Why interest is paid? Because there is time value attached with the money.

And that is why we say time is money.

Mr. Bank, if you want me to lend you my savings for some period (even when inflation is zero), then you will have to compensate me with interest, because time is money.

## If time is money, then interest rates across banks must be same, right?

Banks pay interest to compensate for lending and not using that money for certain period of time.

If this is the only factor which decides interest rate, then interest rates offered by all banks must be same.

But in reality this is not true.

Why there are different rates offered by different banks?

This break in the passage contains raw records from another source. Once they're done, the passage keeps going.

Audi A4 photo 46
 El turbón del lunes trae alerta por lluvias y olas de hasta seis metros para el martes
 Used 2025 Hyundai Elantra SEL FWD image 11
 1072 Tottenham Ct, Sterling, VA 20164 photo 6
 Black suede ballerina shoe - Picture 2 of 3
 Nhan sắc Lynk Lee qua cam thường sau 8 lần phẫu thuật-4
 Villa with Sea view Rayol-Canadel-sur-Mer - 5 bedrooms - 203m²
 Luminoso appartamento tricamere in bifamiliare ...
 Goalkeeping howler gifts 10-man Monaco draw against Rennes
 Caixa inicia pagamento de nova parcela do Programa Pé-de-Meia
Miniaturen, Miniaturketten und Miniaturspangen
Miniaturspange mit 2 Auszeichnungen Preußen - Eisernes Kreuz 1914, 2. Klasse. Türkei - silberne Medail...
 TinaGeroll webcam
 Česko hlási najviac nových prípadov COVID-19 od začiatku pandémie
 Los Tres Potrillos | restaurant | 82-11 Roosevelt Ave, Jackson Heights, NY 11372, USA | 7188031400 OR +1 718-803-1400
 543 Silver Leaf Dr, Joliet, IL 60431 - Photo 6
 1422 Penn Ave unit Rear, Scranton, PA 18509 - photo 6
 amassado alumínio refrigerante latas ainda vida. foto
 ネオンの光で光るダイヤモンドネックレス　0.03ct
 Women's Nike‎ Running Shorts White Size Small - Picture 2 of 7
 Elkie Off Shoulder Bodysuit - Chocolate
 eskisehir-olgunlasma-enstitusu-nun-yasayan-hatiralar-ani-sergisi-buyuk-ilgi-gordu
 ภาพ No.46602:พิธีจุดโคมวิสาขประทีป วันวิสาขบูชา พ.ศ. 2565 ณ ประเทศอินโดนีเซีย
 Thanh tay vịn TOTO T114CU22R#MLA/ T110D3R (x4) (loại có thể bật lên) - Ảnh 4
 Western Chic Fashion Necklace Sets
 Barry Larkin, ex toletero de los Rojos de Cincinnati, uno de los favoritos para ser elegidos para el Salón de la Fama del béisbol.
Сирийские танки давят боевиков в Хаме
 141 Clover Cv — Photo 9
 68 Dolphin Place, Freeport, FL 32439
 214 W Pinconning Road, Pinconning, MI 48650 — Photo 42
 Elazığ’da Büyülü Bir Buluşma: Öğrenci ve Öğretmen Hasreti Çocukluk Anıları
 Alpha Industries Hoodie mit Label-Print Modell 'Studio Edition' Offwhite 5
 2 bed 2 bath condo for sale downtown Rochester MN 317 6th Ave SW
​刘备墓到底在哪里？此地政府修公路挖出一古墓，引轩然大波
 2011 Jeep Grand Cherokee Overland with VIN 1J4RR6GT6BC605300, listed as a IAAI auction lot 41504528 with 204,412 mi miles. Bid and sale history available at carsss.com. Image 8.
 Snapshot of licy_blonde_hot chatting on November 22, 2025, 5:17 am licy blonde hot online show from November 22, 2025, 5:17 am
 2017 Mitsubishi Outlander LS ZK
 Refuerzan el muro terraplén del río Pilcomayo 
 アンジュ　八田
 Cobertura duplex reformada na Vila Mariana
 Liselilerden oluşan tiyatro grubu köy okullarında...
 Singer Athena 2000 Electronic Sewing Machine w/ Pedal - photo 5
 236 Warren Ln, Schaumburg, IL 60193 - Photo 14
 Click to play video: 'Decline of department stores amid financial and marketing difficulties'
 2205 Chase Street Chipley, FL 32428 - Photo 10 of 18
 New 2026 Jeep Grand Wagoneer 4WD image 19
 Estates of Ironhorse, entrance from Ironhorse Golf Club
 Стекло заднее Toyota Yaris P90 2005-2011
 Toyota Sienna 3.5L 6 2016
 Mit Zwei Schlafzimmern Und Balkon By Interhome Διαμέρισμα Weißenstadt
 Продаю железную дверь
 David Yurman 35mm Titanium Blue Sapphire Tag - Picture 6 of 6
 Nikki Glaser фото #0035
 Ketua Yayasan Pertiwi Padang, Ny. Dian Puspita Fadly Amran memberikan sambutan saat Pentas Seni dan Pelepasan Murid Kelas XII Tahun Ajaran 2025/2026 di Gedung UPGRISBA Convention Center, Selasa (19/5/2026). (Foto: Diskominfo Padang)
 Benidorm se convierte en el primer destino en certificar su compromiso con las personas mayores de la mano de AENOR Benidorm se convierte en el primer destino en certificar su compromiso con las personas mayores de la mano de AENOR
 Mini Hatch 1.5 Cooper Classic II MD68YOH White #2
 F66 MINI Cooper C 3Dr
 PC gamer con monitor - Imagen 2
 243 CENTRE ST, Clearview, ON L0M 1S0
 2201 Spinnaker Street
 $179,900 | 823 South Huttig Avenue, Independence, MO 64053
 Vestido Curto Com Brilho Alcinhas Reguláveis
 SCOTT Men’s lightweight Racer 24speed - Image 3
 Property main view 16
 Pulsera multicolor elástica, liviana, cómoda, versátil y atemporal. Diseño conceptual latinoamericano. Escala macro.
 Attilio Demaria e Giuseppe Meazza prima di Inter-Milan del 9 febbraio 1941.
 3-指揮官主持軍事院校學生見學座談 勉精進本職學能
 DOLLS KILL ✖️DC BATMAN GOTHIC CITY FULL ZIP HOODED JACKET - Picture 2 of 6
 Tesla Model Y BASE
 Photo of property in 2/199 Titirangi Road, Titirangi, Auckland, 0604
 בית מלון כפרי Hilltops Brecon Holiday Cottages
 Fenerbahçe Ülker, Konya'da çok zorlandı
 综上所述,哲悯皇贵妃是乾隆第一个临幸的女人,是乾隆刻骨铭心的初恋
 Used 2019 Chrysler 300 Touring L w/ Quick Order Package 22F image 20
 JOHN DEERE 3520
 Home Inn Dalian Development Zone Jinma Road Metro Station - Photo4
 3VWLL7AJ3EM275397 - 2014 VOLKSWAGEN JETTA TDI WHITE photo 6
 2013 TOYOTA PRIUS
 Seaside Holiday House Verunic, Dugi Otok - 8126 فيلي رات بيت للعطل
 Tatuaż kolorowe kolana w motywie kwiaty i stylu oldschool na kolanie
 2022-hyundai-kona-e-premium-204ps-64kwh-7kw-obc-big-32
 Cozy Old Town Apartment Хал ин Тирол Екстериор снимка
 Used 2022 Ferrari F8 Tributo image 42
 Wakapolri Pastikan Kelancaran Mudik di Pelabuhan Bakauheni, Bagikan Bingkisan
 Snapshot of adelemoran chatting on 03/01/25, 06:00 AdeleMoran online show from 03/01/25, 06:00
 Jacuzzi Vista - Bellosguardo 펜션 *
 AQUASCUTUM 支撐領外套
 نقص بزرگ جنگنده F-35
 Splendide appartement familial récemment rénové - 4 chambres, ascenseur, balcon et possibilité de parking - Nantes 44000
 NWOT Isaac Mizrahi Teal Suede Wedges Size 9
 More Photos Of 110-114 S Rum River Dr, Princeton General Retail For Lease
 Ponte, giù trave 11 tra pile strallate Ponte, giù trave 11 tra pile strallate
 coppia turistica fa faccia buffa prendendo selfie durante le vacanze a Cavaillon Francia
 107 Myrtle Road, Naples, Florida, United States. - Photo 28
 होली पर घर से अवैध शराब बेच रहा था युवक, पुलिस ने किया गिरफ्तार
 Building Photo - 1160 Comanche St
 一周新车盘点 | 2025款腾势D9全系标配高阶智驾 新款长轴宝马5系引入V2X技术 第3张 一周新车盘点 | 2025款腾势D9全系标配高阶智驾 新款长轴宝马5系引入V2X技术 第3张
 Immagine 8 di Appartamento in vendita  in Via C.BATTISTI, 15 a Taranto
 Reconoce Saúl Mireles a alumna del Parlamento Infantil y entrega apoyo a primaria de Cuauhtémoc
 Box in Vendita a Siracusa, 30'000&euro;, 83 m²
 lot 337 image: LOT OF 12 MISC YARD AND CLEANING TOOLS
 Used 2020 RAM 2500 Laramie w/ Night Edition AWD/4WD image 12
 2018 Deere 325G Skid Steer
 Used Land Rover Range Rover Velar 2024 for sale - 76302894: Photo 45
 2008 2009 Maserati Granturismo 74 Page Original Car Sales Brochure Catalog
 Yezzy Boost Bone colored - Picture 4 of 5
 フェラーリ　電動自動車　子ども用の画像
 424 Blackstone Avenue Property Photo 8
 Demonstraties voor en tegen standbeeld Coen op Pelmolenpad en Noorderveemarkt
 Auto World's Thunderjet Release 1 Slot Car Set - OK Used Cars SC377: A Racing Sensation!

The influence of ‘inflation and risk’ is also there on the interest. Lets see how…

If the inflation rate prevailing in the economy is higher, in this case the lenders would expect higher interest rates on their deposits.

In case the lenders assumes that the risk associated with his lended money is higher, in this case as well he will expect higher interest.

A bank like SBI, which is the biggest bank run by Indian government, the risk of loss associated with it is very low.

Hence SBI can offer low interest on deposits.

Whereas in case of smaller banks, to attract depositors, they are forced to offer higher interest rates (than SBI).

Why this is so?

Because depositors find options like SBI, ICICI Bank etc as safer options.

But higher interest rates offered by smaller banks make them equally attractive for potential depositors.

So, it is true that **inflation and risk** also decides the quantum of interest earned on the deposits.

This is the reason why we have several range of interest rates prevailing in the market.

## What the ‘time value’ does to our ‘money’?

It is this time value of money which has initiated the concept called the **power of compounding**.

What the time value does to our money is to make it grow with time.

The formula that express the growth of money with time is as below:

**Future Value (FV) = Present Value (PV) x (1+r)^t**

r = interest rate (5)

t = time period for which the money stays invested (years)

To understand the concept of ‘growth of money’ with time, we shall see a simple example.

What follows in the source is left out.